1. 　目的タンパク質をコードする核酸断片が導入された植物に、目的タンパク質を製造させる製造工程を含み、
   　前記植物が、オートファジー系が抑制された植物である、タンパク質の製造方法。
2. 　前記植物が、オートファジー関連遺伝子の機能が抑制若しくは欠損されている植物、又はオートファジー関連遺伝子の発現が抑制若しくは喪失されている植物であり、
   　前記オートファジー関連遺伝子が、ＡＴＧ６遺伝子、ＡＴＧ７遺伝子、ＡＴＧ５遺伝子、及びＡＴＧ８遺伝子からなる群から選択されるいずれか一つ以上の遺伝子を含む、請求項１に記載の製造方法。
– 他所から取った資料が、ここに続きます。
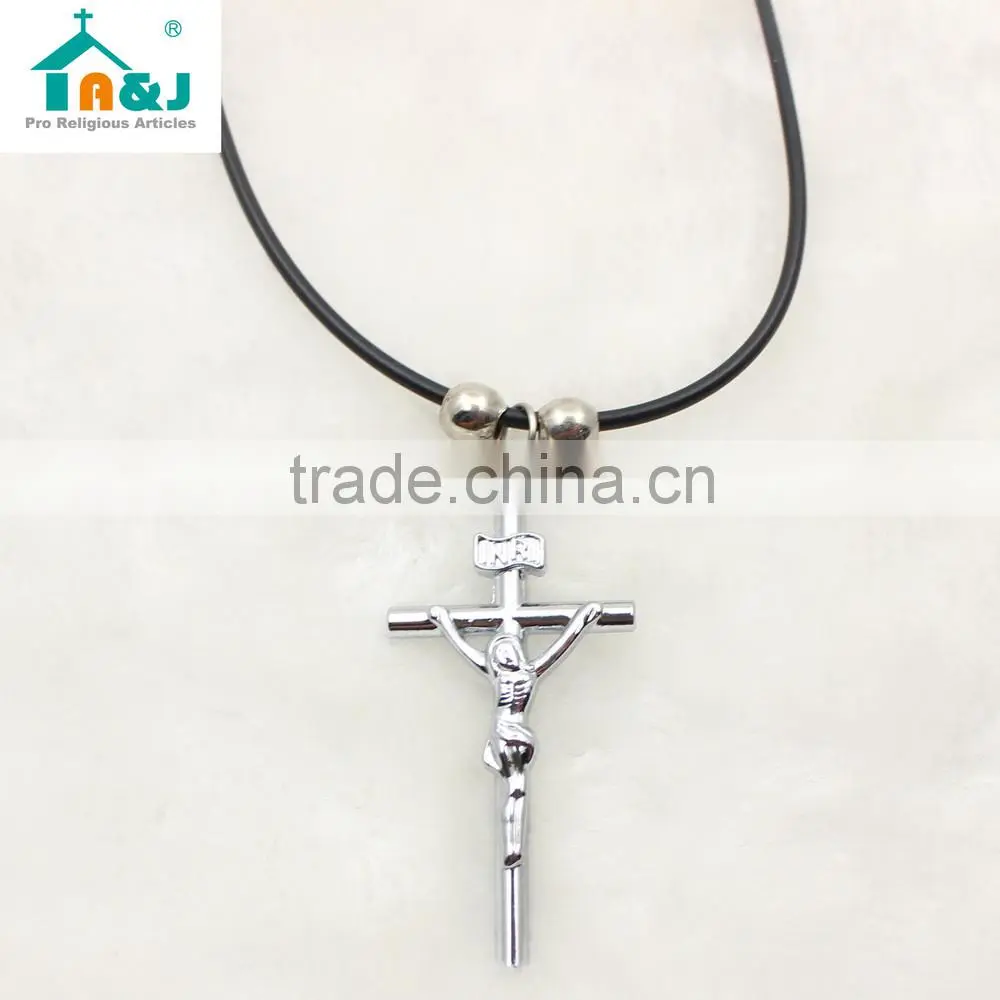 Alibaba Trade Assurance Supplier catholic crucifix pendant Handmade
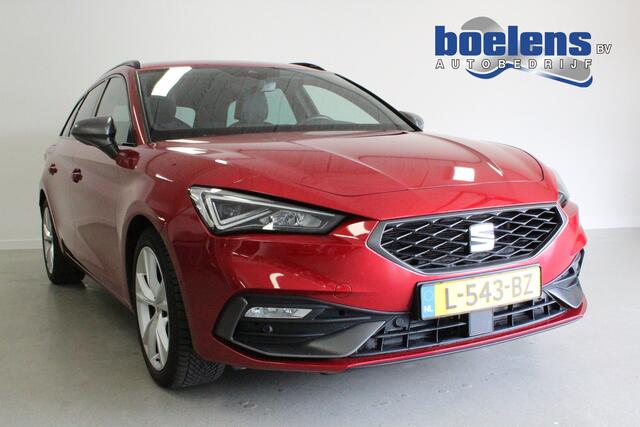 Seat LEON Sportstourer 2.0 TDI FR Launch Edition | NL-AUTO+N.A.P! | ACC | 150PK | CARPLAY | WEGKL-TRHAAK | NAVI | CARPLAY |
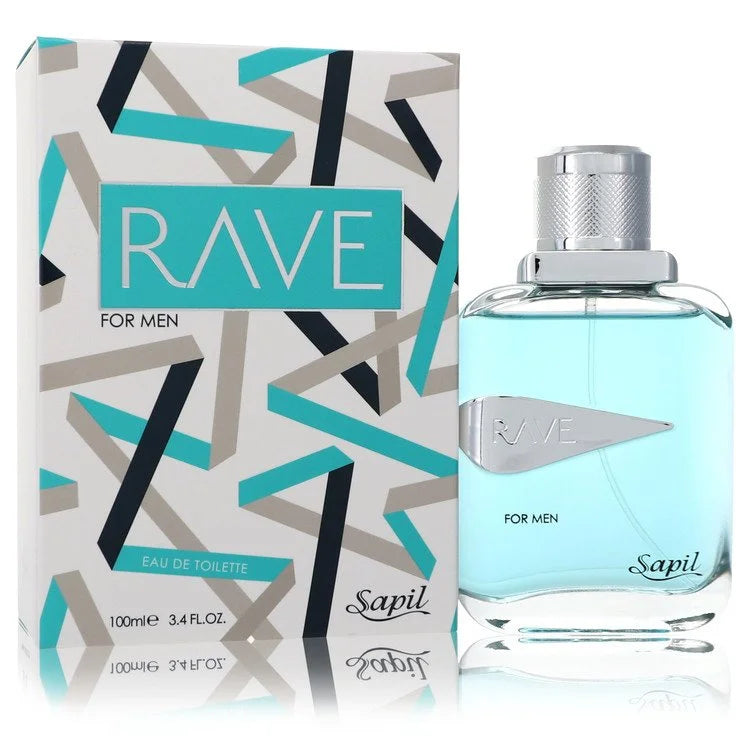 Sapil Men Sapil Rave 100 ml Eau De Toilette Spray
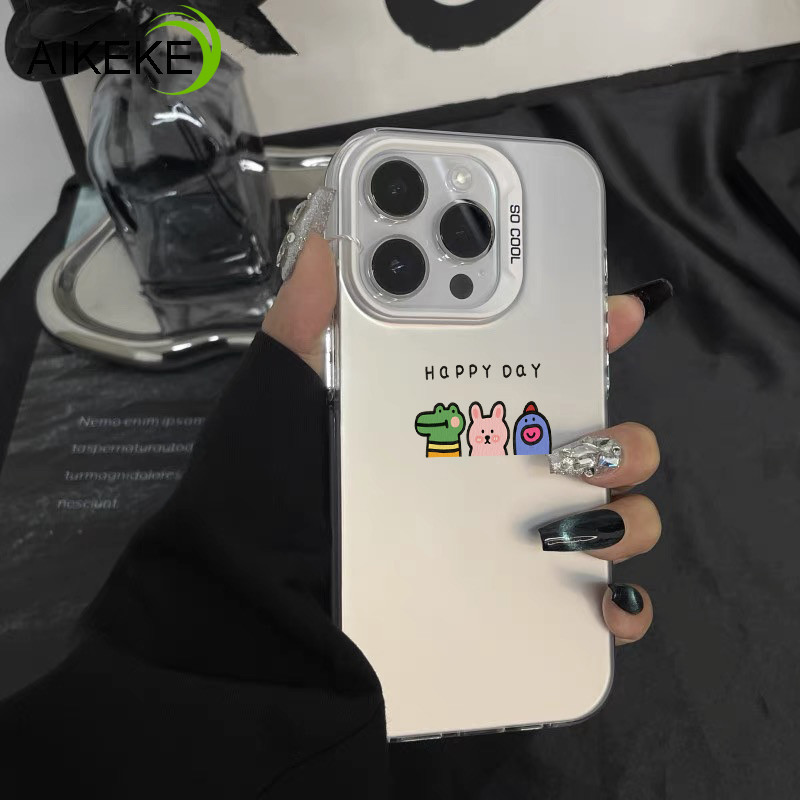 Tương Thích Cho Xiaomi Mi 11 10 Pro Ultra Lite 10S Civi 4 Pro 3 A3 Poco C31 M5S M6 Pro 4G 5G M2 C55 X3 Pro NFC Ốp lưng Động Vật Dễ Thương Chống Sốc Matte Lens Ốp Lưng Mềm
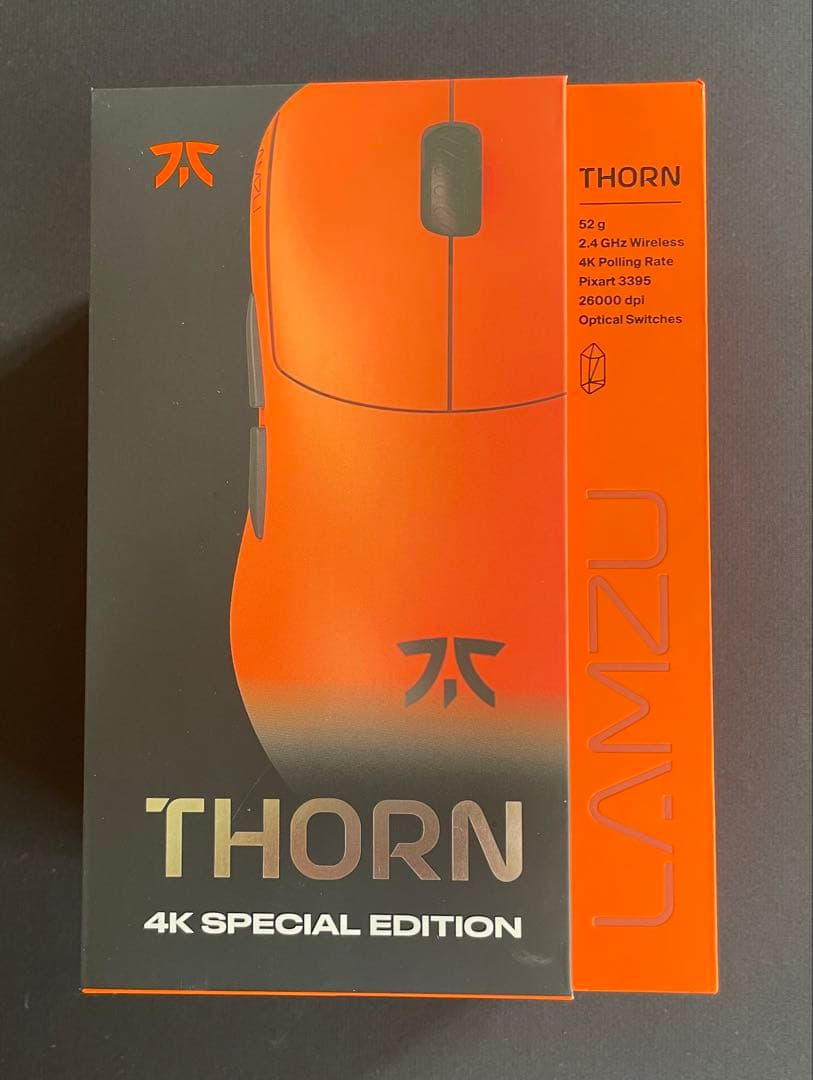 LAMZU THORN 4K SPECIAL EDITION ゲーミングマウス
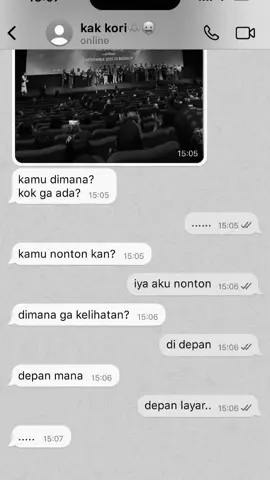 maap ya kak kori aku ga bisa Dateng di acar kak kori😭😓 @sptrakori_ @bubub.kori @leopicturesofficial  #konser #sptrakori_ #SosokKetigaLintrik  #leopictures #filmhoror 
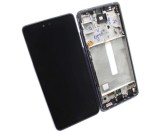 Display Samsung Galaxy A52 2021 A525 4G Display Service Pack cu Rama Violet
3. 　前記オートファジー関連遺伝子が前記ＡＴＧ６遺伝子を含む場合、前記ＡＴＧ６遺伝子が、下記（ａ１）～（ｃ１）のいずれか一つのタンパク質をコードするポリヌクレオチドであり、
   　（ａ１）配列番号１で表されるアミノ酸配列を有するタンパク質
   　（ｂ１）配列番号１で表されるアミノ酸配列において、１～数個のアミノ酸が置換、欠失、挿入、又は付加されたアミノ酸配列を有し、オートファジー系における活性を有するタンパク質
   　（ｃ１）配列番号１で表されるアミノ酸配列との配列同一性が４０％以上であるアミノ酸配列を有し、オートファジー系における活性を有するタンパク質
   　前記オートファジー関連遺伝子が前記ＡＴＧ７遺伝子を含む場合、前記ＡＴＧ７遺伝子が、下記（ａ２）～（ｃ２）のいずれか一つのタンパク質をコードするポリヌクレオチドであり、
   　（ａ２）配列番号２で表されるアミノ酸配列を有するタンパク質
   　（ｂ２）配列番号２で表されるアミノ酸配列において、１～数個のアミノ酸が置換、欠失、挿入、又は付加されたアミノ酸配列を有し、オートファジー系における活性を有するタンパク質
   　（ｃ２）配列番号２で表されるアミノ酸配列との配列同一性が４０％以上であるアミノ酸配列を有し、オートファジー系における活性を有するタンパク質
   　前記オートファジー関連遺伝子が前記ＡＴＧ５遺伝子を含む場合、前記ＡＴＧ５遺伝子が、下記（ａ３）～（ｃ３）のいずれか一つのタンパク質をコードするポリヌクレオチドであり、
   　（ａ３）配列番号３で表されるアミノ酸配列を有するタンパク質
   　（ｂ３）配列番号３で表されるアミノ酸配列において、１～数個のアミノ酸が置換、欠失、挿入、又は付加されたアミノ酸配列を有し、オートファジー系における活性を有するタンパク質
   　（ｃ３）配列番号３で表されるアミノ酸配列との配列同一性が４０％以上であるアミノ酸配列を有し、オートファジー系における活性を有するタンパク質
   　前記オートファジー関連遺伝子が前記ＡＴＧ８遺伝子を含む場合、前記ＡＴＧ８遺伝子が、下記（ａ４）～（ｃ４）のいずれか一つのタンパク質をコードするポリヌクレオチドである、請求項２に記載の製造方法。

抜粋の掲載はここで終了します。